In the alternative version of history, the Tory Party’s frustrations reach boiling point over the summer. MPs and grassroots members are furious with Cameron and Osborne for denying them their Brexit dream. They mutter about betrayal and claim the prime minister is out of touch with the party he leads. A charm offensive is launched by Number 10, with senior backbenchers including Iain Duncan Smith and Bernard Jenkin invited to drinks parties in the Downing Street rose garden. It fails.

Craig Oliver, Downing Street director of strategic communications under Cameron, believes that there would have been a leadership challenge to Cameron possibly as early as the 2016 Conservative conference, ultimately triggering a leadership contest in which the candidates competed to outflank each other to the right on Europe. “I am certain that David Cameron would not have lasted very long as Conservative leader, he would have been presiding over a party that had become religious about Brexit. Boris Johnson, who would have had a team with more time to organise, and as the true champion of Brexit, would have become leader and a lot of the stuff that we have seen in the last four years would have been accelerated without the Theresa May interregnum.” In Oliver’s view, Johnson would have offered another referendum during the leadership contest to secure the crown.
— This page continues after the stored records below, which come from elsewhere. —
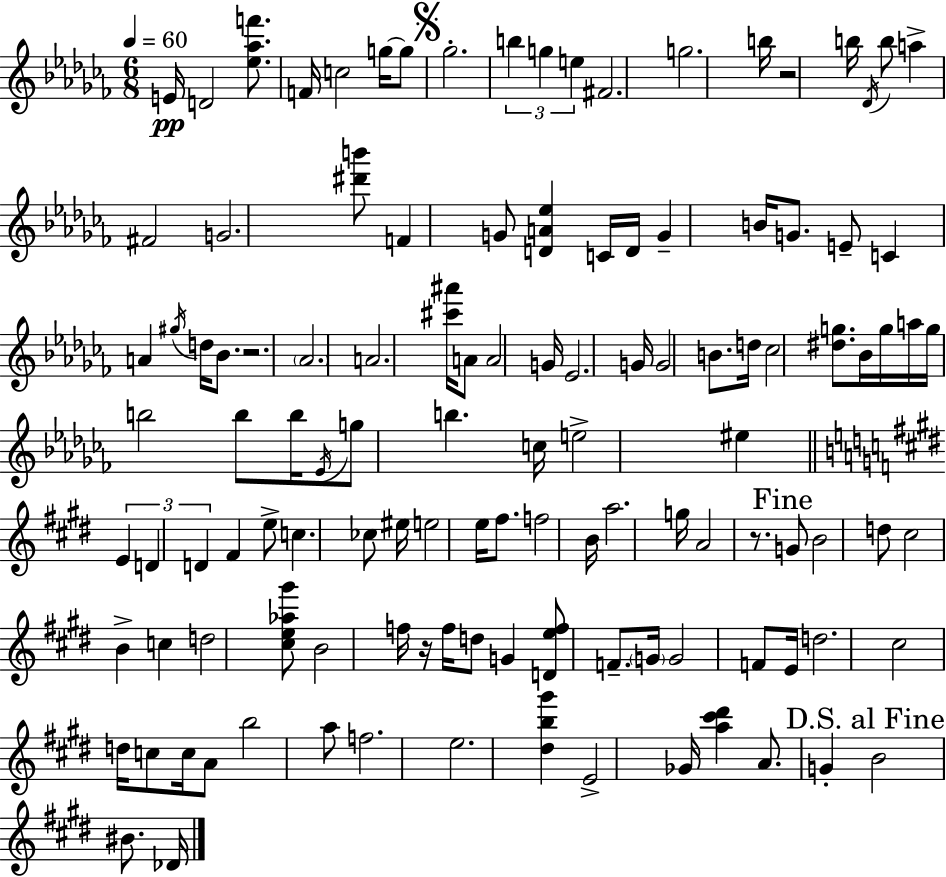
E4/s D4/h [Eb5,Ab5,F6]/e. F4/s C5/h G5/s G5/e Gb5/h. B5/q G5/q E5/q F#4/h. G5/h. B5/s R/h B5/s Db4/s B5/e A5/q F#4/h G4/h. [D#6,B6]/e F4/q G4/e [D4,A4,Eb5]/q C4/s D4/s G4/q B4/s G4/e. E4/e C4/q A4/q G#5/s D5/s Bb4/e. R/h. Ab4/h. A4/h. [C#6,A#6]/s A4/e A4/h G4/s Eb4/h. G4/s G4/h B4/e. D5/s CES5/h [D#5,G5]/e. Bb4/s G5/s A5/s G5/s B5/h B5/e B5/s Eb4/s G5/e B5/q. C5/s E5/h EIS5/q E4/q D4/q D4/q F#4/q E5/e C5/q. CES5/e EIS5/s E5/h E5/s F#5/e. F5/h B4/s A5/h. G5/s A4/h R/e. G4/e B4/h D5/e C#5/h B4/q C5/q D5/h [C#5,E5,Ab5,G#6]/e B4/h F5/s R/s F5/s D5/e G4/q [D4,E5,F5]/e F4/e. G4/s G4/h F4/e E4/s D5/h. C#5/h D5/s C5/e C5/s A4/e B5/h A5/e F5/h. E5/h. [D#5,B5,G#6]/q E4/h Gb4/s [A5,C#6,D#6]/q A4/e. G4/q B4/h BIS4/e. Db4/s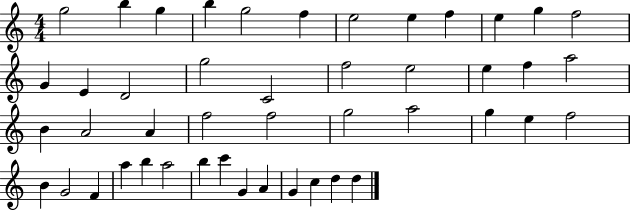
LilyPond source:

{
  \clef treble
  \numericTimeSignature
  \time 4/4
  \key c \major
  g''2 b''4 g''4 | b''4 g''2 f''4 | e''2 e''4 f''4 | e''4 g''4 f''2 | \break g'4 e'4 d'2 | g''2 c'2 | f''2 e''2 | e''4 f''4 a''2 | \break b'4 a'2 a'4 | f''2 f''2 | g''2 a''2 | g''4 e''4 f''2 | \break b'4 g'2 f'4 | a''4 b''4 a''2 | b''4 c'''4 g'4 a'4 | g'4 c''4 d''4 d''4 | \break \bar "|."
}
He would then have fought and won a general election in 2017 with a manifesto commitment to hold a second Brexit vote, urging voters to “tell them again.” Having helped run the Remain campaign in 2016, Oliver believes that the country would almost certainly have voted to Leave. “I have a sinking feeling that we wouldn’t necessarily have been too far away from where we are now,” he laments. A former cabinet minister says: “Boris is the itch the Tory Party had to scratch.” 

And of course, whatever the result of the EU referendum, the country would have still faced a devastating pandemic in 2020 that arguably dwarfs the impact of the Brexit vote. Perhaps in this case the branching histories lead back to the same reality trunk—with the national interest sidelined by the narrow political concerns of the Conservative Party.